Na het passeren van de bevroren waterval en de hangbrug liep ik verder het steile pad op. Op een steil oprijzend rotsmassief werd mijn aandacht getrokken naar een marmeren gedenkplaat. Bij de bouw van de kabelbaan in 1975 was er hier een ongeval met dodelijke afloop gebeurd: Anton Zichsg (*1949) kwam hier om het leven, nog net geen 26 jaar. Naar boven kijkend tegen die steile rotswand zag ik de kabels van de kabelbaan afsteken tegen de blauwe lucht en bedacht dat het gewoon naar boven zweven wel een prijs heeft… “Ruhe in Gott” stond onder aan de plaquette.
De brede piste ging steeds verder naar boven en uiteindelijk had ik een prachtig uitzicht over de bevroren waterval, de kabels van de kabelbaan en in de verte de besneeuwde Königspitze. Er waren nog niet veel skiërs die vanaf het tussenstation van de kabelbaan naar beneden skieden.
Wel zag ik dat de lucht een beetje troebel was door Saharastof: eens in de zoveel tijd komen lichte stofdeeltjes vanuit de woestijnen van de Sahara via de hogere luchtlagen naar onze streken, en slaan dan neer. Dit gebeurde in deze tijd ook in dit gedeelte van Noord-Italië, maar niet zo heftig als in Zwitserland, net aan de andere kant van de bergtoppen van de Sesvanna-groep… Ik had het al in de loop van de avond, maar ook later gezien: de rossige verkleuring van de atmosfeer.
Niet lang daarna bereikte ik het Mittelstation van de kabelbaan. Daar moeten de passagiers van gondel wisselen om het bergstation te bereiken. Ik kon nog net mee – als haringen in een ton stonden we op elkaar gepropt! Mondkapjes waren verplicht…
Boven aangekomen had ik weer dat fenomenale uitzicht op de bergen die het dal van de Suldenbach beek afschermen: de Suldenspitze (3.376m), Königspitze (3.850m) en König Ortler (3.905m). Voor dit uitzicht maakte het seizoen niet veel verschil: de omgeving was nu in de winter meer wit dan grijs. De Staubachhütte Hut zag er verlaten uit – het terras van het restaurant van de kabelbaan daarentegen was drukbezet. Iedereen zat in het zonnetje en genoot van een lunch met een prachtig uitzicht op de Königspitze en de Ortler. Ondanks de warme zon ben ik toch maar even binnen gaan zitten, want van mijn tocht naar boven was ik redelijk bezweet geraakt… Mijn dorst leste ik met een grote fles mineraal water (ja: echt waar!).
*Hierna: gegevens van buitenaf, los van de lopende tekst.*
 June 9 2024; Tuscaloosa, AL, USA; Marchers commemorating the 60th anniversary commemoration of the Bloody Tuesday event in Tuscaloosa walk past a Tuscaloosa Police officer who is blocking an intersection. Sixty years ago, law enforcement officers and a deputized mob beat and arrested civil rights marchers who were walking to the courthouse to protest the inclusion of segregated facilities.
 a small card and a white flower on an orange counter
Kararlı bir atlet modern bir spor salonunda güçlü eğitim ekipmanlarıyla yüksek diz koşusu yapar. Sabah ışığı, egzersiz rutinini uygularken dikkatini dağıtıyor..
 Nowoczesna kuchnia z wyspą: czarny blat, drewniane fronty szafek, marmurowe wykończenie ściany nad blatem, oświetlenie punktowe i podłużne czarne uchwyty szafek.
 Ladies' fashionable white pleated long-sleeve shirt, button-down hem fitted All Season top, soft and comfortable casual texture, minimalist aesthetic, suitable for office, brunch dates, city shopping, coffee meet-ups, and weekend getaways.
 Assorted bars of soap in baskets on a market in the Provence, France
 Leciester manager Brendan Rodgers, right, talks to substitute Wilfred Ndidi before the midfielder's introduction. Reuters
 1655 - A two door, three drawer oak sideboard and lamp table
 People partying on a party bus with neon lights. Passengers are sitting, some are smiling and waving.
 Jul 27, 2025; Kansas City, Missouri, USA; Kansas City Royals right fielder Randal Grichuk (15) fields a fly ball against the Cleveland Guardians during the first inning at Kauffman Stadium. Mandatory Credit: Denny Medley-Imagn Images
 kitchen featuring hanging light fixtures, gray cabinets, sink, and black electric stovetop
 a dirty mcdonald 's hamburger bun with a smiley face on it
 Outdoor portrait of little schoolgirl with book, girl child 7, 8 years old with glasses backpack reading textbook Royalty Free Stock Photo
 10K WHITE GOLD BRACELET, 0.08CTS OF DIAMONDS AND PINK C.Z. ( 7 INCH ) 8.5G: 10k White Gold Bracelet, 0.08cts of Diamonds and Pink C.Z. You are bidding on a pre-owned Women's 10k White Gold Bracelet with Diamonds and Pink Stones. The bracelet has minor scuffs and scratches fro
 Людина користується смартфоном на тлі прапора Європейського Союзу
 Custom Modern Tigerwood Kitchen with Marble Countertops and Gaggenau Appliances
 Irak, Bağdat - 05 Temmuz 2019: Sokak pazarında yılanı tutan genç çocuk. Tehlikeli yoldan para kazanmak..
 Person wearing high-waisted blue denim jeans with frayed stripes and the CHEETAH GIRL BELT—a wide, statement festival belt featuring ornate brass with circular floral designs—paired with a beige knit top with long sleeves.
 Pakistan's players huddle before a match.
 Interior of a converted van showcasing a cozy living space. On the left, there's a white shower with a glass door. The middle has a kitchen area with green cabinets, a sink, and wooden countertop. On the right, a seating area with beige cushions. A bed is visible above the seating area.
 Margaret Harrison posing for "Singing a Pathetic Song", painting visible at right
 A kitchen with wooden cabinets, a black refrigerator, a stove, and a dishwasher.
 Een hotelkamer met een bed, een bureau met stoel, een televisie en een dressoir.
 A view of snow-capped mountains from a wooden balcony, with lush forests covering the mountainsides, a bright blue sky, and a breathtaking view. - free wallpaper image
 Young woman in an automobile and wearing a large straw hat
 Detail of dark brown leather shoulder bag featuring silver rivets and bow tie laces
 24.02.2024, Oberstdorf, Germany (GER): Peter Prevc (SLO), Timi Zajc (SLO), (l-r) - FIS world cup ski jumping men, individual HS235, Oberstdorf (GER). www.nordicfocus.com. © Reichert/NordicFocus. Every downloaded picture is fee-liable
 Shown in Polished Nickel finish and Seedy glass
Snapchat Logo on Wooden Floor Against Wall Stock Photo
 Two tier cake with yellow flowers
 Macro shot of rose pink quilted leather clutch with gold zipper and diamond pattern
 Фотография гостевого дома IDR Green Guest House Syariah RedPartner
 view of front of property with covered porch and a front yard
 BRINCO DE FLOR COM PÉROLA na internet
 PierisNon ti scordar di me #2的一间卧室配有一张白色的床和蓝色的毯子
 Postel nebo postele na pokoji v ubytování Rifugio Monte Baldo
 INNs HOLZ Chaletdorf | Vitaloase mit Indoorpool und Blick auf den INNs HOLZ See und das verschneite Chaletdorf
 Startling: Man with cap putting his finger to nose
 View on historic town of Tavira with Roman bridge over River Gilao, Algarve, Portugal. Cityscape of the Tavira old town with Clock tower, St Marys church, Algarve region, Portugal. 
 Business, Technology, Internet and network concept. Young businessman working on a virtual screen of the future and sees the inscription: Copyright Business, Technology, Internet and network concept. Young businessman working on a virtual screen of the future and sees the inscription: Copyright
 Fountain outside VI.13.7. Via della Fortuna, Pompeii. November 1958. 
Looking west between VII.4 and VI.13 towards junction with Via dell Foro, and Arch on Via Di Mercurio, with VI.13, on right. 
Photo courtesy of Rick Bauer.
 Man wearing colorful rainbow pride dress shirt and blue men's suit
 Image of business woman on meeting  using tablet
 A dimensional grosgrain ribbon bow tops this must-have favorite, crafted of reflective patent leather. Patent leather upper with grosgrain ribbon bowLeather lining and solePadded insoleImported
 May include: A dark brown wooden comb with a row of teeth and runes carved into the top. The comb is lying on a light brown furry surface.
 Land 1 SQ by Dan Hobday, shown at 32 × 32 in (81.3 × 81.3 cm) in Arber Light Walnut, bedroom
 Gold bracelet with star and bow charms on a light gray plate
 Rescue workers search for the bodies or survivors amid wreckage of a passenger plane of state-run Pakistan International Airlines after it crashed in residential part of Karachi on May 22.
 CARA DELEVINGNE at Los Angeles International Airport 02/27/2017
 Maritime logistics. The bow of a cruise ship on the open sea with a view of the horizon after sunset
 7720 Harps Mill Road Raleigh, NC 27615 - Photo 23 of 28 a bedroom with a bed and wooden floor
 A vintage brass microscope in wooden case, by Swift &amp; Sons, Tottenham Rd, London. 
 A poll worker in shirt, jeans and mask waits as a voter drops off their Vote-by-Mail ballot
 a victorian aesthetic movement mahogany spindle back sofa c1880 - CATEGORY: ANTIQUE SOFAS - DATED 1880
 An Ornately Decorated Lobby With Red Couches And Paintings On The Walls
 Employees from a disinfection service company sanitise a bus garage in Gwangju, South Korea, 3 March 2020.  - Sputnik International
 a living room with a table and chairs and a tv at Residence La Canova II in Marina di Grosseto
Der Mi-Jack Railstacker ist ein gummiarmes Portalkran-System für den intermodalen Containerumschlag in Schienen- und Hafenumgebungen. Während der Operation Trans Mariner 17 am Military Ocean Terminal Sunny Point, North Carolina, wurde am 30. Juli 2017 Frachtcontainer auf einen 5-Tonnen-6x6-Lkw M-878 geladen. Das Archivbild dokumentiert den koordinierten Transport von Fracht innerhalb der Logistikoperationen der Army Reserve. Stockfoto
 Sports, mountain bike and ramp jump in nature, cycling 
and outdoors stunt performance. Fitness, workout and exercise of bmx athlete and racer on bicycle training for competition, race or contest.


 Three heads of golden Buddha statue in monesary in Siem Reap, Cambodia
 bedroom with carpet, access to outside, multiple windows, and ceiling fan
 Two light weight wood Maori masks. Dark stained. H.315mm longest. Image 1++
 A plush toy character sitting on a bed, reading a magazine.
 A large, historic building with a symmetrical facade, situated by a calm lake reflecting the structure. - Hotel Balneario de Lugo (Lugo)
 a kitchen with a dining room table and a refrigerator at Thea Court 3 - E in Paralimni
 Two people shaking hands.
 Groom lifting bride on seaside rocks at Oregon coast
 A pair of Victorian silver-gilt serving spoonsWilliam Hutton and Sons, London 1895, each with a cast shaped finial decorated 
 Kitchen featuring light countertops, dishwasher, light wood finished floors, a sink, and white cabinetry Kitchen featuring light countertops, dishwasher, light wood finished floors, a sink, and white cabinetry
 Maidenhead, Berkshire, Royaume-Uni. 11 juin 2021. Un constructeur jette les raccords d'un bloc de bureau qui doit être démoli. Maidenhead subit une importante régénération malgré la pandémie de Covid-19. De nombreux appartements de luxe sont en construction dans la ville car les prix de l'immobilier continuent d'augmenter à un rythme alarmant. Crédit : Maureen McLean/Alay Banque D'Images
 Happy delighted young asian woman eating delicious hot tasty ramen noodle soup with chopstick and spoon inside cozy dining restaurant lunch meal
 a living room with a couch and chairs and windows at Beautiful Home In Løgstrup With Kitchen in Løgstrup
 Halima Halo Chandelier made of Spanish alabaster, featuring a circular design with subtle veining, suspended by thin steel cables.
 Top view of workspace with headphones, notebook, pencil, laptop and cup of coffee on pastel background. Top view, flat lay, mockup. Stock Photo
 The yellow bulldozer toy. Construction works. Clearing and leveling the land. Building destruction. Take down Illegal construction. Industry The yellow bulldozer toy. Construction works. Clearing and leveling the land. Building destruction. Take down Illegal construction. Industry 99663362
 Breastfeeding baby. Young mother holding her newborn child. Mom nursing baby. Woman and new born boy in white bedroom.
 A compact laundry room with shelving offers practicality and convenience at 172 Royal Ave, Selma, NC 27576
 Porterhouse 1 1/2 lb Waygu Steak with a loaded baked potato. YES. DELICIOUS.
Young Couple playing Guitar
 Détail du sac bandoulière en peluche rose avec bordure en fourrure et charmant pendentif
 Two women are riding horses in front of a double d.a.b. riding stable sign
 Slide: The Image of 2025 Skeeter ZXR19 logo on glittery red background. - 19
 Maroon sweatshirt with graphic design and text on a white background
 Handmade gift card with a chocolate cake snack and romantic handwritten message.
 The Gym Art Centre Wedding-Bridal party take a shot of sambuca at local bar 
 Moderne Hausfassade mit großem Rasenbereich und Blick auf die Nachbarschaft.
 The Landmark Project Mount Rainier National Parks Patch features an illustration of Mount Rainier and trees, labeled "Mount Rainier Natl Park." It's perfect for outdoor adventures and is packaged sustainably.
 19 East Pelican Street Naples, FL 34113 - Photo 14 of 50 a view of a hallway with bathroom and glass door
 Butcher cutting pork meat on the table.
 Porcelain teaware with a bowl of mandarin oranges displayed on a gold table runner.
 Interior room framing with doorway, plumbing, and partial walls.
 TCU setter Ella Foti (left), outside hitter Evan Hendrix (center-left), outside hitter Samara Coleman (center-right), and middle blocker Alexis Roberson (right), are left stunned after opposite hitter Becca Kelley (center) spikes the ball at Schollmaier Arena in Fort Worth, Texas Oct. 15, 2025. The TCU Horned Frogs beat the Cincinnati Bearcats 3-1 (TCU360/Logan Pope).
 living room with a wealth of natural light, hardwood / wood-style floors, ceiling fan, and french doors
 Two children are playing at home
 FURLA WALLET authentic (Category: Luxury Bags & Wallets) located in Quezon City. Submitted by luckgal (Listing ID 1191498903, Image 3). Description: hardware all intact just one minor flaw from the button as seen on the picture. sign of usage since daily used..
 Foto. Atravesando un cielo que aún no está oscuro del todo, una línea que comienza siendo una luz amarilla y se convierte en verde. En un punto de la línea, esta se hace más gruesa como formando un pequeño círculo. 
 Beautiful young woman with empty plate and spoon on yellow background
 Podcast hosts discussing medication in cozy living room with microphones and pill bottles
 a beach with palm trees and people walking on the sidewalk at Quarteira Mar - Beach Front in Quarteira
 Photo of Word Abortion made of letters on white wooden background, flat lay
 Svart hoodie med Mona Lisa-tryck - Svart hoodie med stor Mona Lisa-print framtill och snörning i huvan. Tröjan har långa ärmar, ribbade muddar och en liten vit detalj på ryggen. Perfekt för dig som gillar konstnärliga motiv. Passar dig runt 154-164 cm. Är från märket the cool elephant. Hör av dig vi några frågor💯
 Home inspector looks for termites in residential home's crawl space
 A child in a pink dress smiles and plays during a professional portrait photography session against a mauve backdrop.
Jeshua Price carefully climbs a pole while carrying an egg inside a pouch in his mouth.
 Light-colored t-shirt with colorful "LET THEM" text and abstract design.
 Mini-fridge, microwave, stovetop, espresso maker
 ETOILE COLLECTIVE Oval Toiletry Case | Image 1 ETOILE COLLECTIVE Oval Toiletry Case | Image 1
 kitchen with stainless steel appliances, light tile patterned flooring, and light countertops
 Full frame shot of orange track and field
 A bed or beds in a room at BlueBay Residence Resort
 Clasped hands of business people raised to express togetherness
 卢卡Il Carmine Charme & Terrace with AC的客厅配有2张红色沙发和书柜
Niet iedereen zat op het terras: er werd ook enthousiast geskied en gesnowboard. Vanaf het bergstation op 1.900 meter gaat een stoeltjeslift naar de pistes in de buurt van de Madritschhütte hut op 3.250 meter. Er stonden lange rijen voor de ingang. Kabelbaan en liften dienen het gemak van de skiërs, die er niet al te vaak bij stil zullen staan dat ook hier een ongeluk in een klein hoekje kan zitten. Vlak bij het bergstation van de kabelbaan stond een stoere sneeuwscooter met daarachter een slee om gewonde skiërs af te voeren… Hopelijk hoefde er vandaag niemand gered te worden…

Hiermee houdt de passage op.